CAN SLIM is William O'Neil's comprehensive methodology for identifying winning growth stocks, distilled from his study of every market-leading stock from 1880 to the present day. Each letter represents a key factor: Current quarterly earnings, Annual earnings growth, New highs/products/management, Supply and demand, Leader or laggard, Institutional sponsorship, and Market direction.

The genius of CAN SLIM is that it combines fundamental and technical analysis into a single integrated system. The C and A factors ensure the company has genuine, accelerating earnings power — not just a cheap stock price. The N factor captures the catalyst — a new product, new management, or price reaching new highs. The S and L factors use technical tools (volume analysis and relative strength) to identify institutional demand and market leadership. And the M factor provides the critical market context that determines whether any individual stock has the wind at its back.

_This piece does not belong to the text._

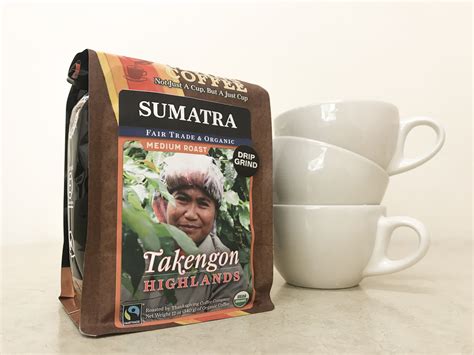 what is sumatra coffee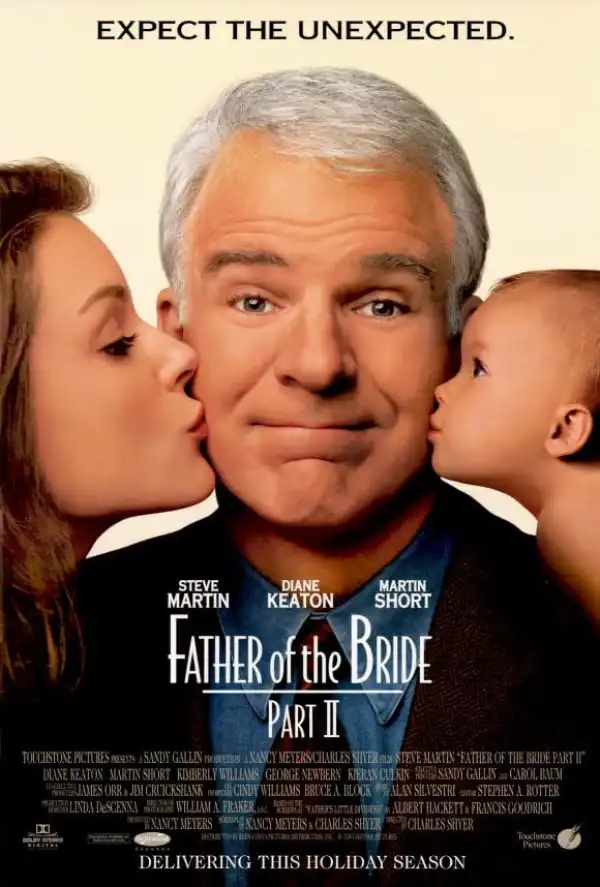 Father Of The Bride Part II (1995)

O'Neil's research showed that virtually every great stock of the past century displayed most or all of the CAN SLIM characteristics before its biggest advance. By screening for all seven factors simultaneously, the scanner identifies the stocks with the greatest probability of significant outperformance. The system is not a guarantee — but it stacks the odds heavily in the trader's favor by focusing capital on the strongest companies in the strongest sectors during favorable market conditions.

Origin & History

Created by William O'Neil and published in How to Make Money in Stocks, first edition 1988, with subsequent editions through 2009. O'Neil developed the system by studying every stock that achieved the greatest price advances from 1880 to the present — a database of over 1,000 winning stocks spanning more than a century. CAN SLIM became the foundation for Investor's Business Daily (IBD), which O'Neil founded in 1984, and has influenced generations of growth stock investors.

Detection Criteria

Our scanner evaluates the following criteria when detecting CAN SLIM Growth Screen setups across 5,000+ stocks daily.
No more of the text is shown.